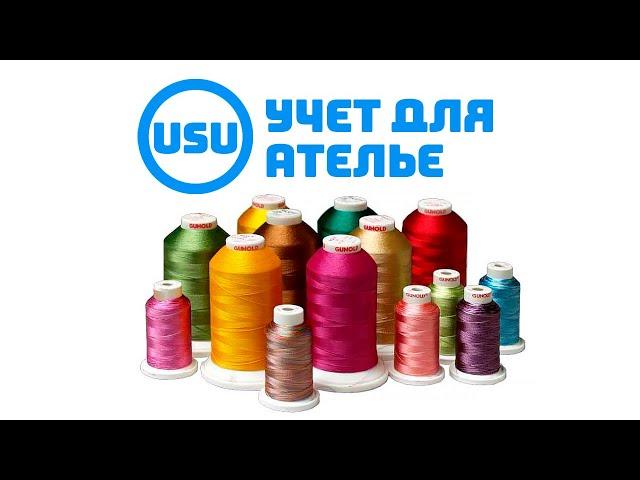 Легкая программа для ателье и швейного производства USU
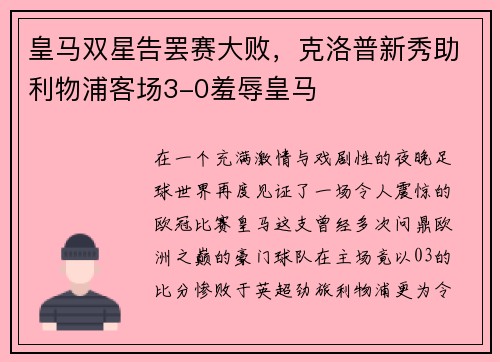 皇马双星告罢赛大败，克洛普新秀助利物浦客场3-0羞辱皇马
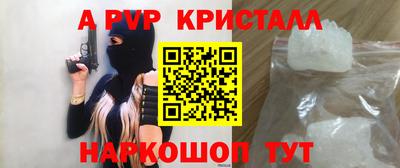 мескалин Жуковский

== == ==

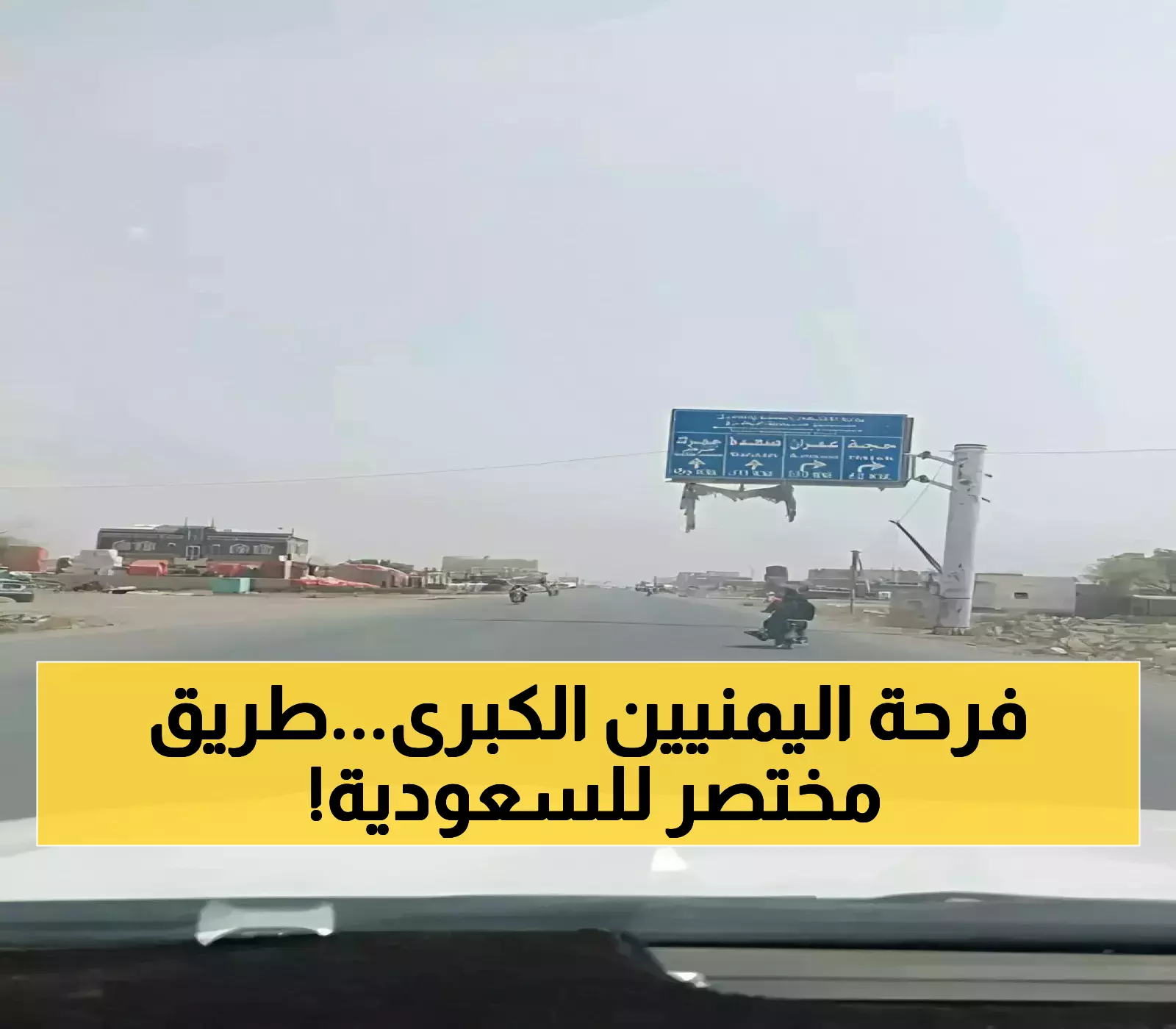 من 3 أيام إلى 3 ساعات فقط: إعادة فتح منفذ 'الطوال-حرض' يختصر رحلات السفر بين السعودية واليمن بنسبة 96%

== == ==

What is required: Give back exactly the lines of the listing above from the one that contains "Легкая программа для" up to and including the one that contains "мескалин Жуковский", but not the pictures, and no other lines.

Response for this exercise:
 Легкая программа для ателье и швейного производства USU
 皇马双星告罢赛大败，克洛普新秀助利物浦客场3-0羞辱皇马
 мескалин Жуковский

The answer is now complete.